Goednummer : PL0600-2023600007-3124621
Object : Pijp
Kleur : Zilverkleurig
Bijzonderheden : Stalen pijp
12. Het proces-verbaal aanhouding verdachte [verdachte] opgemaakt door [verbalisant 7] en [verbalisant 8] van 31 december 2023, voor zover inhoudende, zakelijk weergegeven (pagina’s 14-17):
Verbalisanten gaan achter het voertuig aan voorzien van het kenteken
[kenteken]. Verbalisant [verbalisant 7] ziet dat de bestuurder de ambtshalve bekende [verdachte]
is. Bijrijder wist zijn Burgerservicenummer en daaruit bleek het te gaan om: [medeverdachte] , geboren [geboortedatum 3] 1989 in Enschede.
Op het arrestantencomplex in Borne word ik, verbalisant [verbalisant 7], gebeld door verbalisant [verbalisant 1] die op dat moment met het slachtoffer in gesprek is voor de aangifte. Ik hoor dat zij mij vertelt dat het slachtoffer zojuist heeft verklaard dat hem bijna 700 euro, een gouden ketting en een zegelring is afgenomen. Ik, verbalisant [verbalisant 7], vertel verbalisant [verbalisant 1] dat voornoemde goederen zijn aangetroffen bij verdachte [verdachte] tijdens de insluitingsfouillering op het arrestantencomplex. Ik zag ( de rechtbank begrijpt: tijdens de insluitingsfouillering) dat verdachte [verdachte] het geld en de sieraden uit zijn linkerbroekzak aan de voorzijde haalde.
13. Het proces-verbaal van verhoor van [slachtoffer] van 2 januari 2024, met bijlagen, voor zover inhoudende, zakelijk weergegeven (pagina’s 174, 175, 177, 180-182):
V: Wij tonen u de zegelring, bijlage 3.
A: Dat is van mij.
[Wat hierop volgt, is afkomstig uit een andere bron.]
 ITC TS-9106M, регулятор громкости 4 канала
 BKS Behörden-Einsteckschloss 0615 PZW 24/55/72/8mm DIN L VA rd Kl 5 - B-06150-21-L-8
De ring bevat geen goud. Is een platte zegelring zonder inscriptie of steen.
V: De stok/staaf waarmee u mishandeld ben kunt u deze omschrijven, bijlage 4.
A: Dat is de stok of staaf waar ik mee ben geslagen.
V: Hoe zag de goudenketting eruit, bijlage 5.
A: Dat is van mij, de ketting bevat geen goud, het is een nepper.

Voetnoten

1.Proces-verbaal van bevindingen, met bijlage, opgemaakt door [verbalisant 9] van 7 februari 2024, pagina’s 139 en 141).